Why is the loop vectorizer not working on my function?

My function implements a simple loop:

void bar( int start, int end, float* A, float* B, float* C)
{
     for (int i=start; i<end;++i)
        A[i] = B[i] * C[i];
}

This looks pretty much like the standard example. However, I built the function
with the IRBuilder, thus not coming from C and clang. Also I changed slightly
the function's signature:

define void @bar([8 x i8]* %arg_ptr) {
entrypoint:
   %0 = bitcast [8 x i8]* %arg_ptr to i32*
   %1 = load i32* %0
   %2 = getelementptr [8 x i8]* %arg_ptr, i32 1
   %3 = bitcast [8 x i8]* %2 to i32*
   %4 = load i32* %3
   %5 = getelementptr [8 x i8]* %arg_ptr, i32 2
   %6 = bitcast [8 x i8]* %5 to float**
   %7 = load float** %6
   %8 = getelementptr [8 x i8]* %arg_ptr, i32 3
   %9 = bitcast [8 x i8]* %8 to float**
   %10 = load float** %9
   %11 = getelementptr [8 x i8]* %arg_ptr, i32 4
   %12 = bitcast [8 x i8]* %11 to float**
   %13 = load float** %12
   br label %L0

L0: ; preds = %L0, %entrypoint
   %14 = phi i32 [ %21, %L0 ], [ %1, %entrypoint ]
   %15 = getelementptr float* %10, i32 %14
   %16 = load float* %15
   %17 = getelementptr float* %13, i32 %14
   %18 = load float* %17
   %19 = fmul float %18, %16
   %20 = getelementptr float* %7, i32 %14
   store float %19, float* %20
   %21 = add i32 %14, 1
   %22 = icmp sge i32 %21, %4
   br i1 %22, label %L1, label %L0

L1: ; preds = %L0
   ret void
}

As you can see, I use the phi instruction for the loop index. I notice
that clang prefers stack allocation. So, I am not sure what's the
problem that the loop vectorizer is not working here.
I tried many things, like specifying an architecture with vector
units, enforcing the vector width. No success.

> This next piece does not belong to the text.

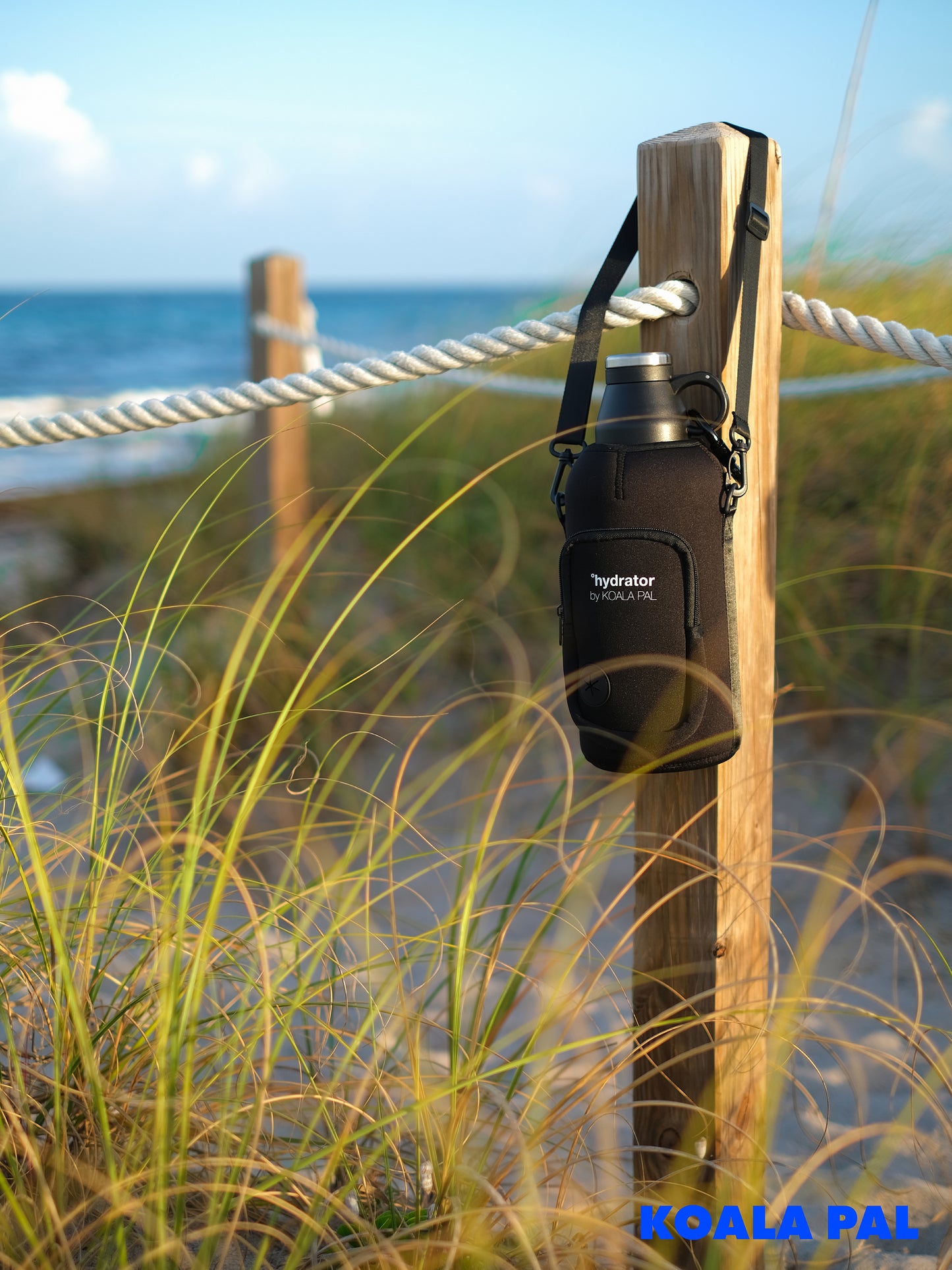 Neoprene Bottle Carrier + Shoulder Strap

opt -march=x64-64 -loop-vectorize -force-vector-width=8 -S loop.ll

The only explanation I have is the use of the phi instruction. Is this
preventing to vectorize the loop?

Frank

Hi Frank,

My function implements a simple loop:

void bar( int start, int end, float* A, float* B, float* C)
{
   for (int i=start; i<end;++i)
      A[i] = B[i] * C[i];
}

This looks pretty much like the standard example. However, I built the function
with the IRBuilder, thus not coming from C and clang. Also I changed slightly
the function's signature:

define void @bar([8 x i8]* %arg_ptr) {
entrypoint:
%0 = bitcast [8 x i8]* %arg_ptr to i32*
%1 = load i32* %0
%2 = getelementptr [8 x i8]* %arg_ptr, i32 1
%3 = bitcast [8 x i8]* %2 to i32*
%4 = load i32* %3
%5 = getelementptr [8 x i8]* %arg_ptr, i32 2
%6 = bitcast [8 x i8]* %5 to float**
%7 = load float** %6
%8 = getelementptr [8 x i8]* %arg_ptr, i32 3
%9 = bitcast [8 x i8]* %8 to float**
%10 = load float** %9
%11 = getelementptr [8 x i8]* %arg_ptr, i32 4
%12 = bitcast [8 x i8]* %11 to float**
%13 = load float** %12
br label %L0

L0: ; preds = %L0, %entrypoint
%14 = phi i32 [ %21, %L0 ], [ %1, %entrypoint ]
%15 = getelementptr float* %10, i32 %14
%16 = load float* %15
%17 = getelementptr float* %13, i32 %14
%18 = load float* %17
%19 = fmul float %18, %16
%20 = getelementptr float* %7, i32 %14
store float %19, float* %20
%21 = add i32 %14, 1

Try
%21 = add nsw i32 %14, 1
instead for no-signed wrapping arithmetic.

If that is not working please post the output of opt ... -debug-only=loop-vectorize ...

Hi Arnold,

adding '-debug-only=loop-vectorize' to the command gives:

LV: Checking a loop in "bar"
LV: Found a loop: L0
LV: Found an induction variable.
LV: Found an unidentified write ptr: %7 = load float** %6
LV: Found an unidentified read ptr: %10 = load float** %9
LV: Found an unidentified read ptr: %13 = load float** %12
LV: We need to do 2 pointer comparisons.
LV: We can't vectorize because we can't find the array bounds.
LV: Can't vectorize due to memory conflicts
LV: Not vectorizing.

It can't find the loop bounds if we use the overflow version of add. That's a good point. I should mark this addition to not overflow.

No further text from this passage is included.